もし当たり前だったら、政治家連中も見習ってほしいもんだが。どこのとは言わないけどな。
「誰かおるか?」
ガーベラさんが手を叩くと、
「はい」
すぐさまメイドさんがやって来た。
ガーベラさんに注意してた人だ。
「ウォルターじいさんのところへ行って手配してきてくれ」
「数人分の装備の調達、ですね?」
「防具が必要な・・・ジェシカとキースか?二人を連れて先に行ってくれ」
「あたしらは先か?」
「じいさんはこだわりが強くての。
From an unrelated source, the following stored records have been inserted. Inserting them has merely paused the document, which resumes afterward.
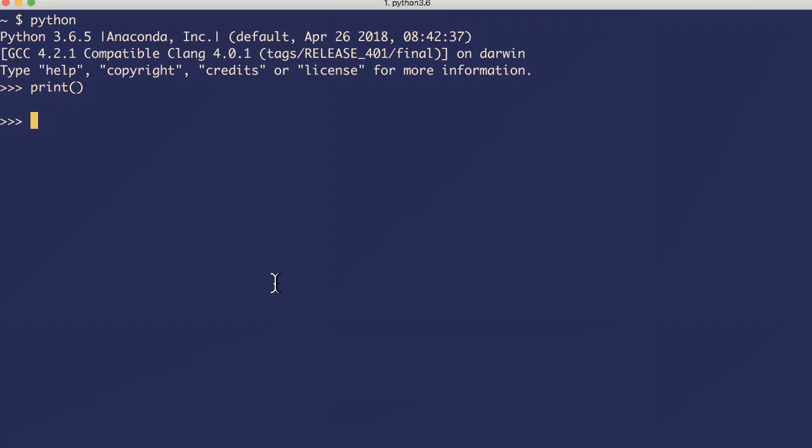Let's start with integers. It's a numeric value - you can represent numeric values with integers. If you say 23, it's an integer. Print 23. 45 is an integer, also like 45 plus 55. 100 is an integer. So there can be numeric values - it's a data type. If you want to know what is the data type of any given value, there's an inbuilt method called type. You can use it to know the data type of a given value.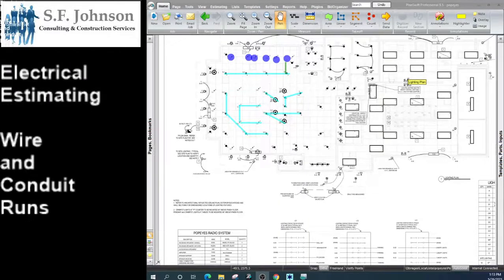All right, everyone, thank you for joining and coming back to our electrical estimating class. In this little snippet, we're going to go over the details on what's important in determining our wire and conduit runs and how we approach it.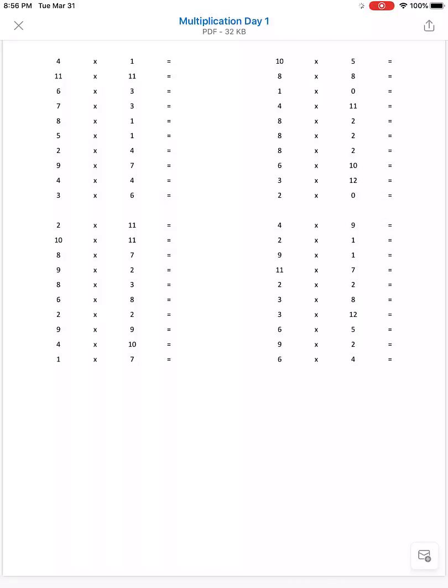In this video I want to show you how to take a PDF of one of the worksheets and fill it out using OneNote on an iPad.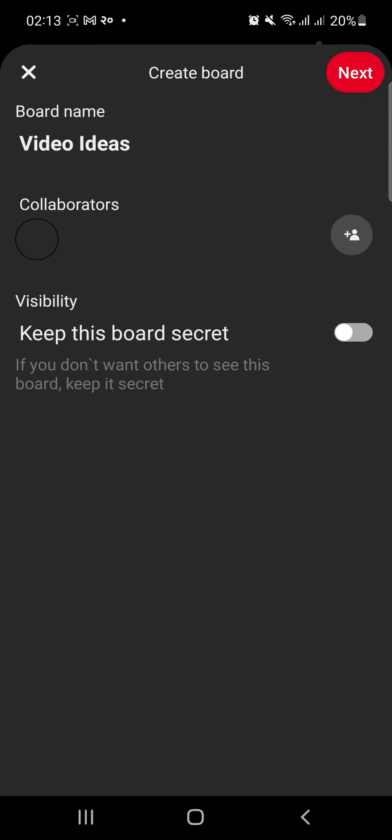Next, you have the option to keep your board a secret so that only you will be able to see it. Toggle on the switch to hide the board from public view.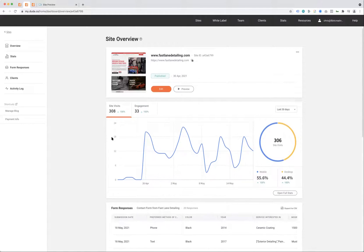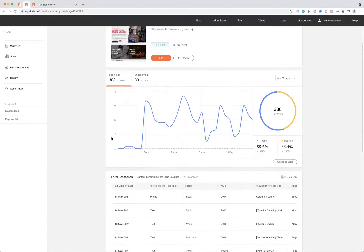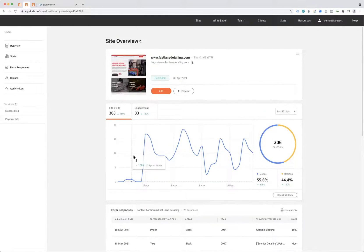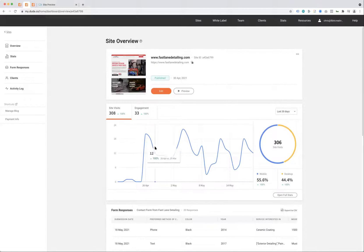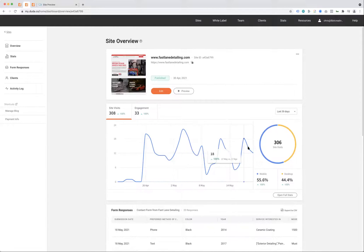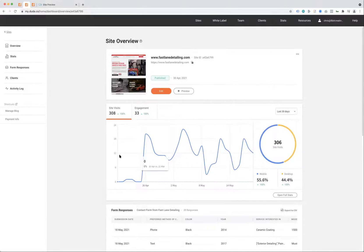For reference, Mike doesn't do any pay-per-click or Facebook ads that we're aware of. We do recommend that, but at this point, this is 100% organic based on Google search results.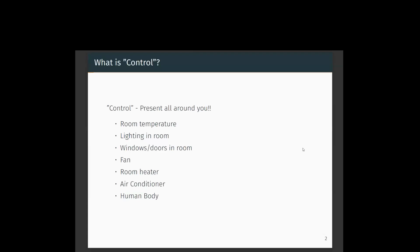One of the most complex systems is the human body. The human body has various control mechanisms within us. We have to maintain the temperature of the body, the humidity of the body, the blood pressure, the flow of blood, and the sugar level. There are various mechanisms within the body that need to be controlled, and the human brain helps us maintain all these parameters.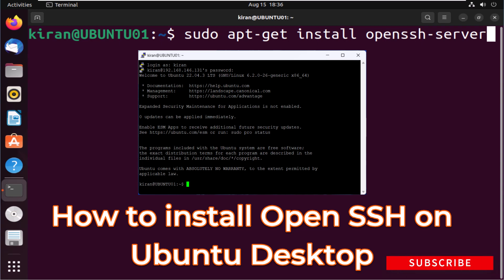Hey there, welcome back to my channel. Today we are going to show you how you can install OpenSSH on Ubuntu.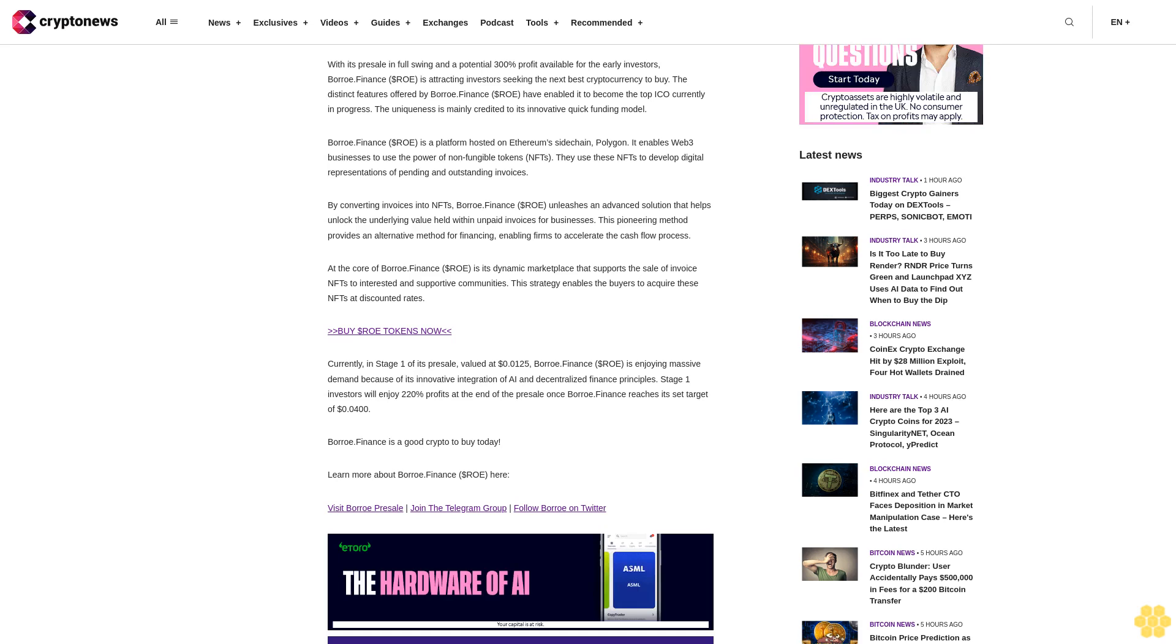Borrow Finance is a platform hosted on Ethereum's sidechain Polygon. It enables Web3 businesses to use the power of non-fungible tokens, NFTs. They use these NFTs to develop digital representations of pending and outstanding invoices. By converting invoices into NFTs, Borrow Finance unleashes an advanced solution that helps unlock the underlying value held within unpaid invoices for businesses. This pioneering method provides an alternative method for financing, enabling firms to accelerate the cash flow process. At the core of Borrow Finance is its dynamic marketplace that supports the sale of invoice NFTs to interested and supportive communities. This strategy enables the buyers to acquire these NFTs at discounted rates.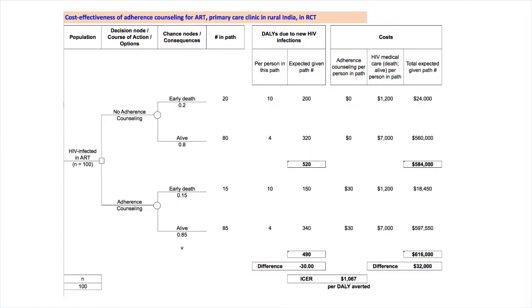For the no adherence counseling option with early death, that is, the first path in the tree, we calculate 200 DALYs as the product of 20 and 10. The next path, alive, has 320 DALYs, which is the product of 80 individuals and four DALYs each. Thus, the total of DALYs for no adherence counseling is 520.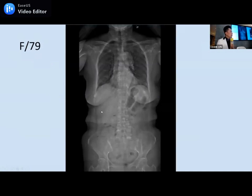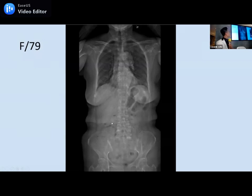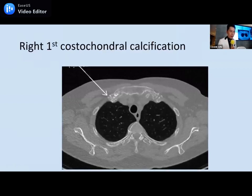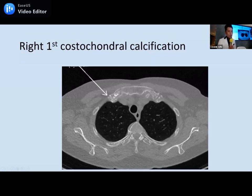This case also yields a post-spine AP view. Looking outside the spine, there's something in the right side. On CT, we see calcification of the right costochondral junction — this is a benign finding. However, we should do a CT to confirm, as it could otherwise appear to be a lung nodule. For this benign finding, no follow-up will be required.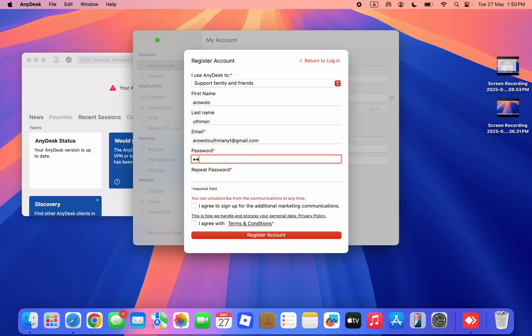Once you enter your email, you need to create a password. I'm going to re-enter the password.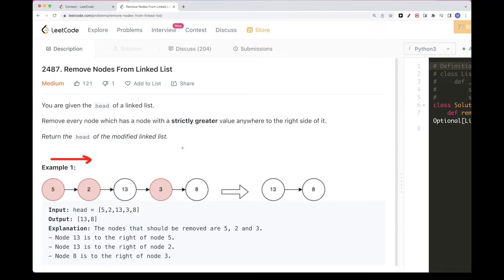So what about: let's just reverse it. We can reverse the linked list — you can take a look at the LeetCode reverse linked list problem, I have a video for that. But once we reverse it, it should be easier — we just keep track of the max, and any time we find a number that is smaller than the max, we remove it. Because that's what the problem asks us to do. Then once we remove all of them in reverse order, we reverse it back and return it. So let's take a look at an example and see how it works.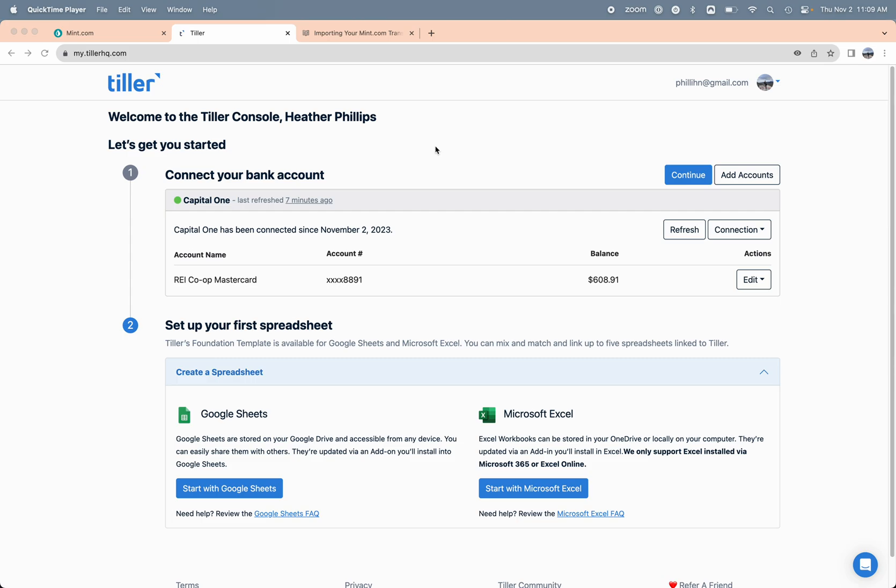Hey everyone, it's Heather with Tiller here. In this video I'm going to show you how to transition your Mint data into a Tiller Money Feeds powered Google Sheet or Microsoft Excel workbook.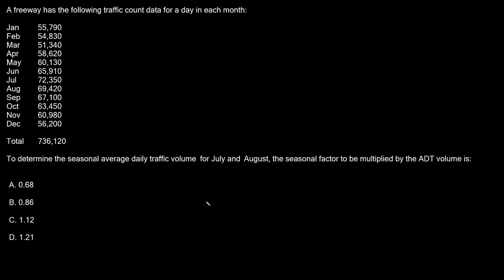What's up you freaking geniuses? Here's a transportation practice problem for the PE civil exam. First it gives us some information. It says a freeway has the following traffic count data for a day in each month. Here is the traffic count data for each day that was measured in each month and then it gives us a total down here.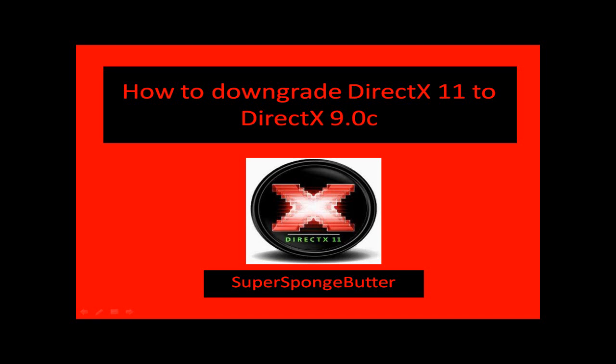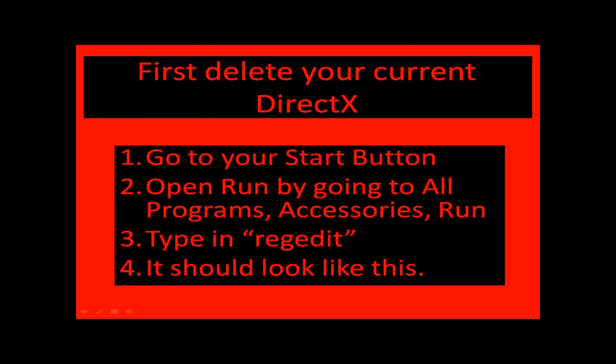I'm going to be showing you how to downgrade DirectX 11 and DirectX 10 to DirectX 9.0C. First, you're going to delete your current DirectX.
ちょいと時間が掛かる。先に行ってくれ」
時間が掛かる・・・そんなに?
そりゃまあそういうもんかもしれないけど、ボルドウィンで装備を作ってもらった時はそんなに掛からなかったような・・・
「こちらです」
「あ、おう・・・」
「先に行ってるぞ」
メイドさんに連れて行かれる二人を見送った。
「さて・・・」
ガーベラさんが膝を叩く。
「ちょいと気になることがあって三人には残ってもらった」
気になること・・・?
・・・今、三人って言ったか?
まさかとは思うけど・・・
「その赤子・・・何者じゃ?」
・・・やっぱそっち!?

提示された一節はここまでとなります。